My last article discussed the mono-Blue deck I took with Your Move Games Japan to the Neutral Ground PTQ. I called it Stake Through the Heartbeat because that matchup was pretty much an auto-win, but that isn’t the case if you adopt a bad plan. All you really need to do to give Heartbeat a chance (albeit a small one) is use your precious Hinders to fight over irrelevant spells like Early Harvest. Even with an active Jushi Apprentice you don’t have nearly as many hard counters as an old-school Draw-Go deck; if you waste them on non-business spells you may find them resolving Wild Harvest and generating more new threats than you can actually handle.

One of the reasons I chose Stake is that I’ve had enough experience with that kind of deck that I felt confident I could come up with good plans even against matchups I hadn’t tested, whereas few of my opponents would be expecting Jushi Blue and thus might not have a good strategy prepared for it.

Play leads to Plans leads to Sideboards

Earlier, I discussed the tendency people have simply to play out their matches during playtesting, as though the goal was to figure out the win percentages rather than to figure out the matchup strategy.
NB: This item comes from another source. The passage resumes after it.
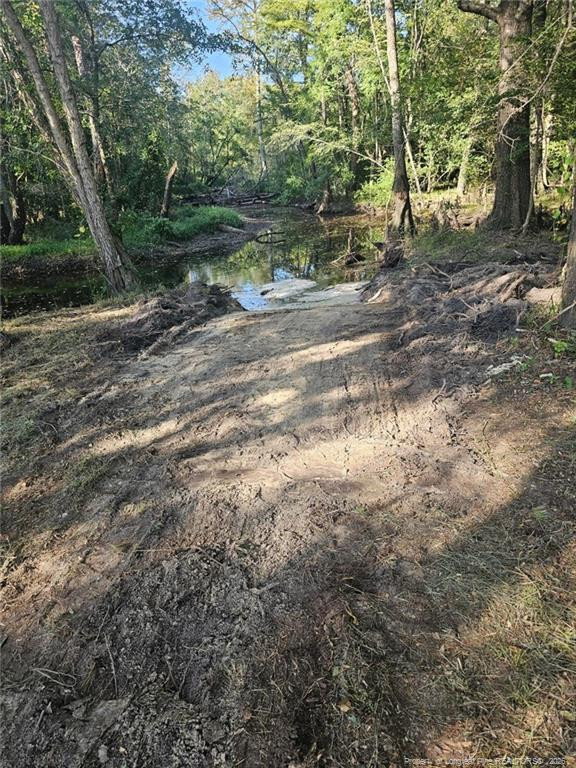 main property photo 18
If that’s all you’re doing it becomes very difficult to maximize your sideboard, because you can only sideboard “good cards” rather than cards that address exactly how the matchup works.

For an ironic example, let’s look at the anti-Heartbeat strategy Mike Flores proposed for his WWr deck for Team Constructed….

My swap has been:
-4 Manriki-Gusari
-2 Paladin en-Vec
-4 Savannah Lions
+4 Threaten
+3 Bathe in Light
+3 Scour

Q10) That seems terrible! What have you been smoking?
My theory was that Savannah Lions is terrible against a sideboarded Heartbeat deck… I just never want to see it against Carven Caryatid and Sakura-Tribe Elder. Likewise, Paladin en-Vec is a bit slow.

On the other hand, I want my most extreme cards in after boards. I think that despite a very consistent Game 1, my deck is behind against a Heartbeat player who transforms. However, while the opponent is ramping up to Keiga mana, I can get damage in, and then steal a million damage with a Threaten.

At the same time, Scour is really strong if the opponent doesn’t transform. You only have to leave open two mana for Scour to work. The Heartbeat player’s own signature enchantment allows R/W to power out this White Cranial Extraction.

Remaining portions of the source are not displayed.